WHAT TO WORK ON ▸
The records that follow should be copied out exactly, pictures excluded.

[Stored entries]
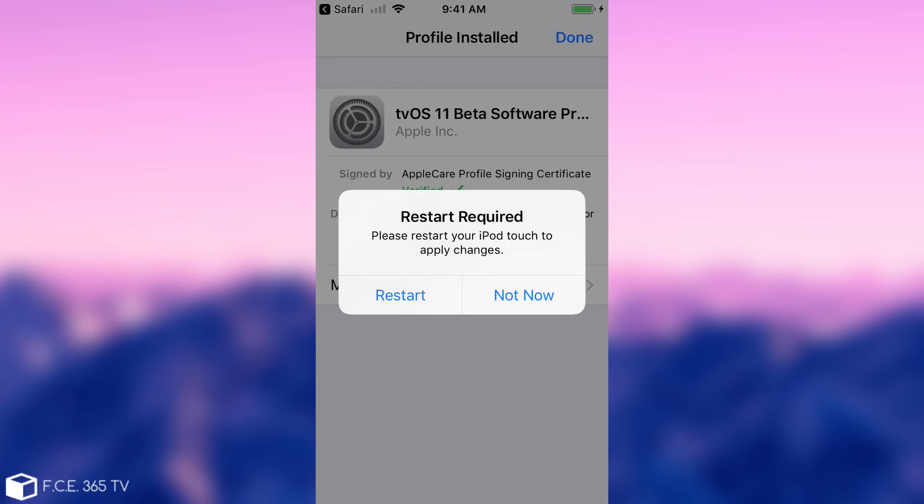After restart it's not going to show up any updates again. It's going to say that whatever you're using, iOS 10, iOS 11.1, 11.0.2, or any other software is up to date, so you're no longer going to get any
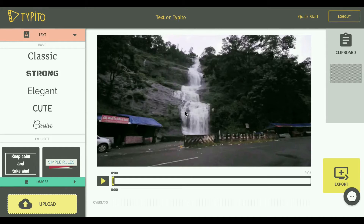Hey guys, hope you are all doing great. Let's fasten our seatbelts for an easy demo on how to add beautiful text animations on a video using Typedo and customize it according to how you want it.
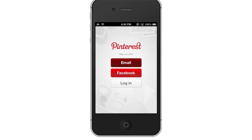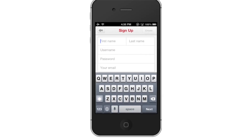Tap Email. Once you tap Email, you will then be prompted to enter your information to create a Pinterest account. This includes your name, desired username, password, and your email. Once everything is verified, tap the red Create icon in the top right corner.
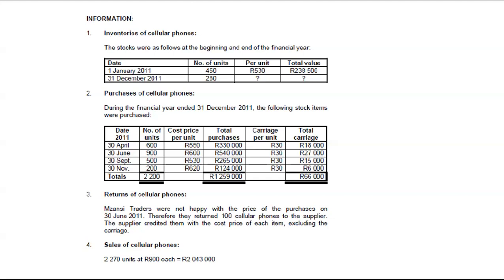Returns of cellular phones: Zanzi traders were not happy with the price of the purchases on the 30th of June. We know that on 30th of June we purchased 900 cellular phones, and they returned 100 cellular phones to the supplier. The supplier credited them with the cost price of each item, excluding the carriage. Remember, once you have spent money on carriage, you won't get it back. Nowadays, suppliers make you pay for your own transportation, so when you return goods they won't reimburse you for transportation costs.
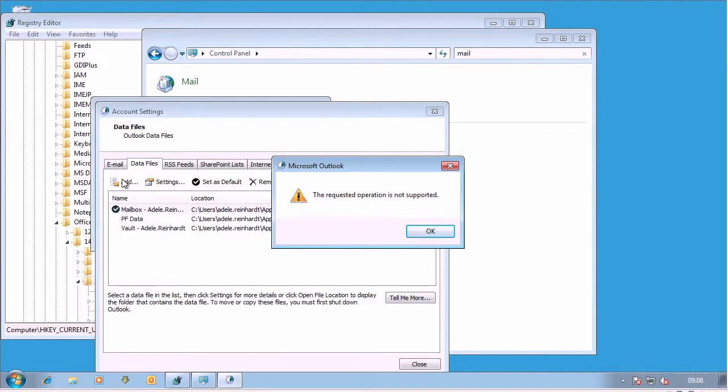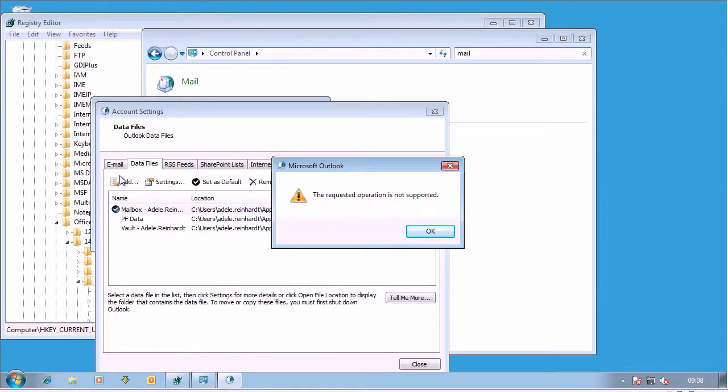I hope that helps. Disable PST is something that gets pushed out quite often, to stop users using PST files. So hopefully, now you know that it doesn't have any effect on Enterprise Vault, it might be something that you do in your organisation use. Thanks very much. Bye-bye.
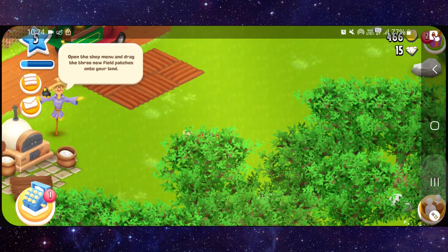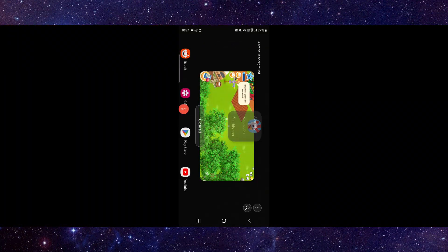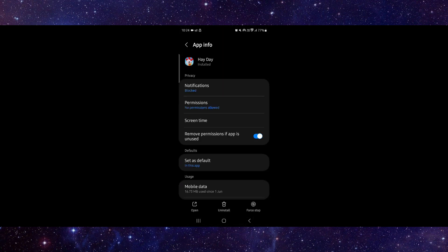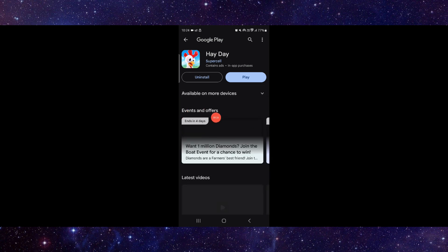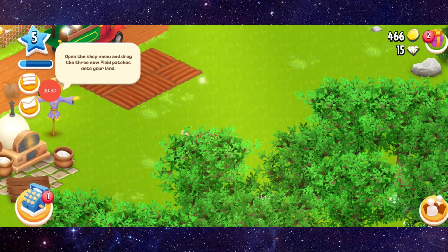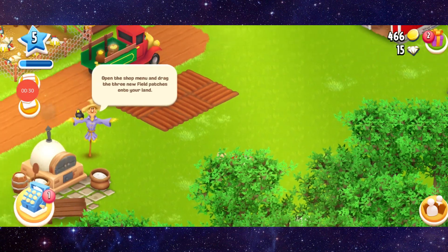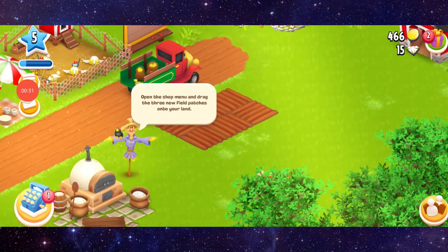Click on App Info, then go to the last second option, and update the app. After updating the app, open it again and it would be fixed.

EXERCISE SOLUTION ▸
After restart it's not going to show up any updates again. It's going to say that whatever you're using, iOS 10, iOS 11.1, 11.0.2, or any other software is up to date, so you're no longer going to get any
Hey guys, hope you are all doing great. Let's fasten our seatbelts for an easy demo on how to add beautiful text animations on a video using Typedo and customize it according to how you want it.
Tap Email. Once you tap Email, you will then be prompted to enter your information to create a Pinterest account. This includes your name, desired username, password, and your email. Once everything is verified, tap the red Create icon in the top right corner.
Returns of cellular phones: Zanzi traders were not happy with the price of the purchases on the 30th of June. We know that on 30th of June we purchased 900 cellular phones, and they returned 100 cellular phones to the supplier. The supplier credited them with the cost price of each item, excluding the carriage. Remember, once you have spent money on carriage, you won't get it back. Nowadays, suppliers make you pay for your own transportation, so when you return goods they won't reimburse you for transportation costs.
I hope that helps. Disable PST is something that gets pushed out quite often, to stop users using PST files. So hopefully, now you know that it doesn't have any effect on Enterprise Vault, it might be something that you do in your organisation use. Thanks very much. Bye-bye.
Click on App Info, then go to the last second option, and update the app. After updating the app, open it again and it would be fixed.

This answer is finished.